On 20 December 2019, an Airbus A318 (F-GUGD) being operated by Air France on a scheduled domestic passenger flight from Paris Orly to Toulon-Hyères as AF7512 in day IMC was seriously mismanaged during an autopilot-controlled ILS glideslope capture from above and two successive alpha floor protections were triggered before a sustained recovery was achieved and the aircraft positioned for a second successful approach.


An Investigation was carried out by the French Civil Aviation Accident Investigation Agency, the BEA using relevant FDR and recorded ATC data.

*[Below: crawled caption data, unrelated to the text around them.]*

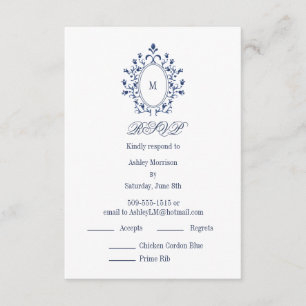 D'accompagnement Carte de réponse RSVP bleue avec monogramme et 2 c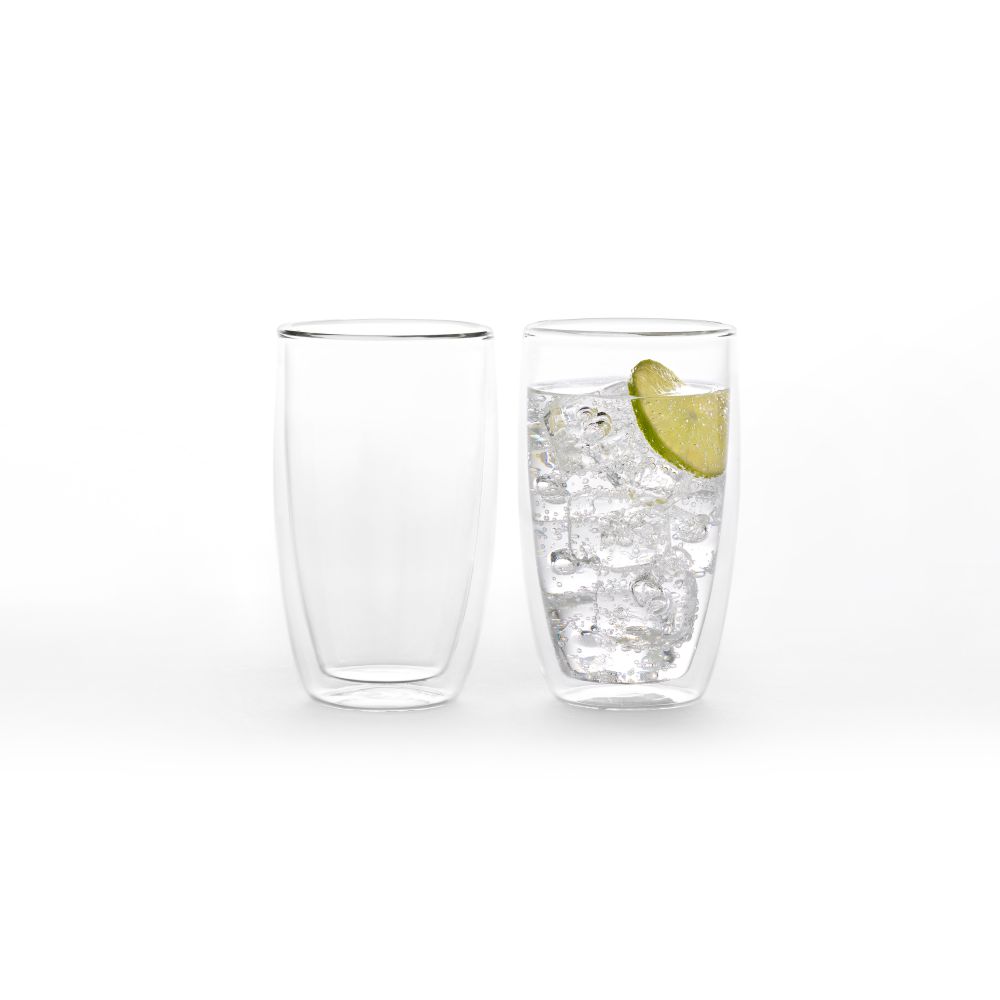 2x Duplex double wall glass cup 500ml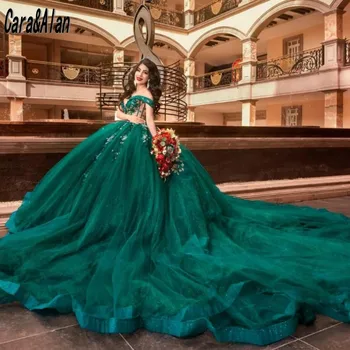 Modesto Puffy Vestidos De Quinceanera Tule Fora Do Ombro Verde, Vestidos De 15 Anos Lace-Up Mexicano Meninas Vestidos De Aniversário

The Captain had initially joined Air France as a First Officer on the Airbus A320 and accumulated approximately 2,300 hours on type. He had then moved to the Boeing 777 fleet also as a First Officer and accumulated just over 10,000 hours on that type before gaining his command on the A320 at the beginning of 2019. The First Officer had joined Air France ten months prior to the investigated event and completed his type conversion training six months prior to it and had 400 hours on type out of a total of 5,500 hours. 

What Happened

With the First Officer as PF, the flight was working Toulon APP and approaching from the northwest. It was number 1 inbound and had been cleared for continuous descent to 1,900 feet QNH. The crew were informed that the surface wind was 150°/12-19 knots with runway 23 in use but given the presence of BKN (broken) cloud at 1,700 feet aal, the controller suggested that the circling approach necessary for that runway might be “a bit tight”.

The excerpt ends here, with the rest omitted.